Kindly, I Color My World A Tribute To ArtHeart
By Pete Townsend, 2nd revision
From highest ambition to humblest end I have withered. Though I accept a few feet of cool earth as my earnest comfort, my spirit remains unbound - as kindly I color my world. At the pace of watercolors I reflect gratefully. Through palette and brush comforts blossom. With stately strokes I soar majestically over mountains. Looser than the tail of a kite dancing on wisp and whim I kick up my feet over cushy clouds. A swallow slips through willows and I do not weep. Canoe gliding, sun beaming or wave lapping – it is me, I am free and soundly I sleep in the night.
ArtHeart is my only refuge. I close my eyes, wash out the shadows with light and color and joy. When a leaky ceiling drip slaps the floor I paint the snap of whipping hair tearing down the black ribbon full throttle on a Harley. Wind washes the tightness from my brow and jaw. My heart pounds and a grin stretches fully around my face. When I feel down I paint a hot air balloon. I become a bubble in Champagne or a sparkle off a mirrored ball. Lightness of heart, like a musical note, I float in the air. Clutching pain drags me back into my wheelchair. I must deal with what I must as best I can. Eyes closed, kindly I color my world and soundly I sleep in the night.

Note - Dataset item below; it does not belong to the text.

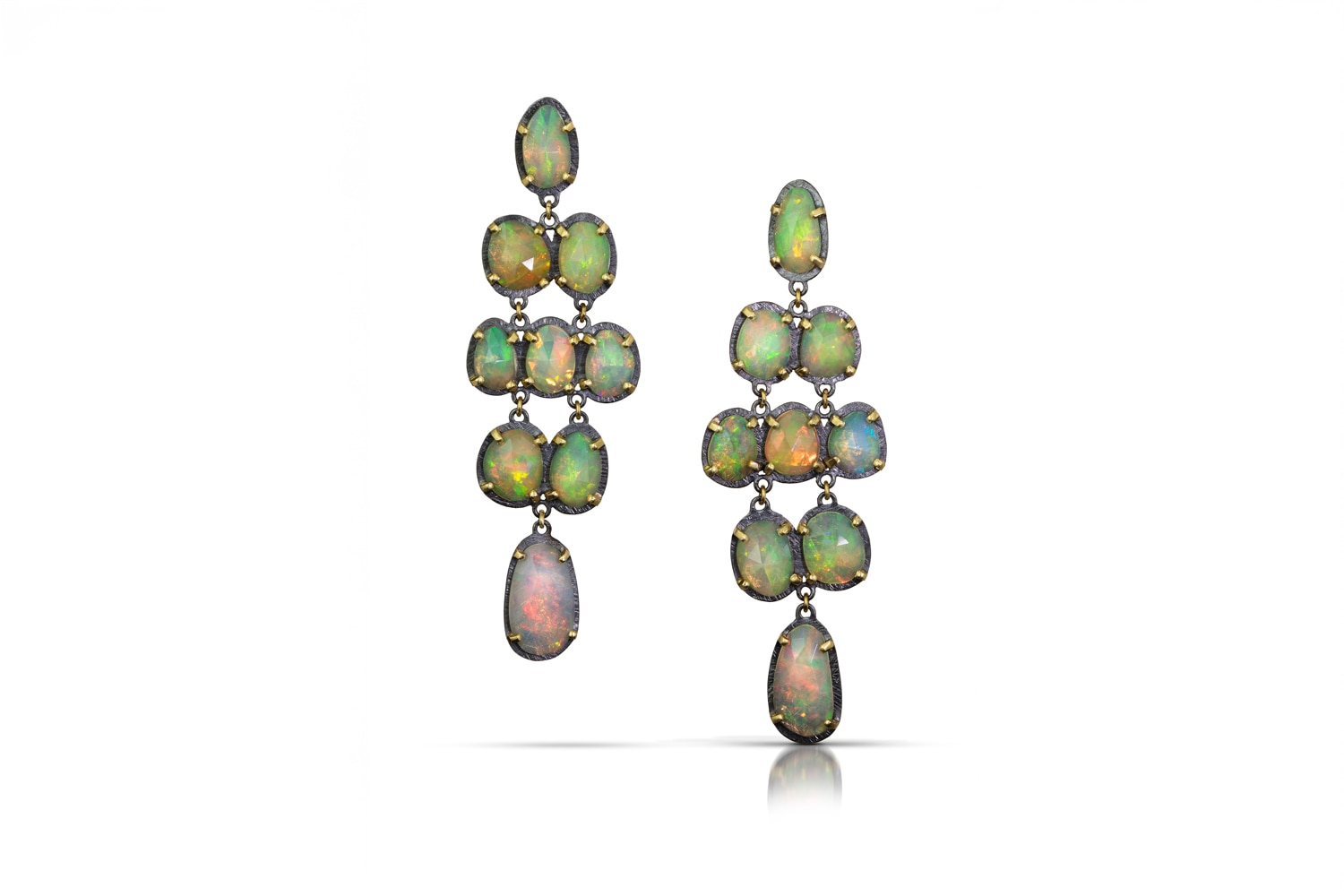 Jewellery maker Heather Guidero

Tender is my garden of thoughtful flowers – blessing bright days by virtue of showers. I never knew how lost I would be as I grow old. No purpose or use, unneeded and in the way - I never felt so grateful for a place to belong. ArtHeart is a chosen family. Each participant, volunteer and staff is a dab of sweet color – red petals like kissing lips warming the darkest of my shadows. Softly I paint cool streams in the passing, birds singing or children laughing and soundly I sleep in the night.

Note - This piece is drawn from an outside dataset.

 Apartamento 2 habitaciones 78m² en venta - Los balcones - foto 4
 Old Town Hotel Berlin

Now my seasons have passed, my palette dry and bristles brittle the shadows close in with their black anger. Pain ever increasing, despair bites deep and clamps on. Sunrise no longer burns holes through my darkest dreams, I search for light through my mind’s windows. I think of ArtHeart and dance with the moon. Inebriated with stars I drink in the night. I cozy in, preparing for eternal slumber, close my eyes and paint a blanket of purring kittens. Harmony reaping, I am in their good keeping and soundly I sleep in the night.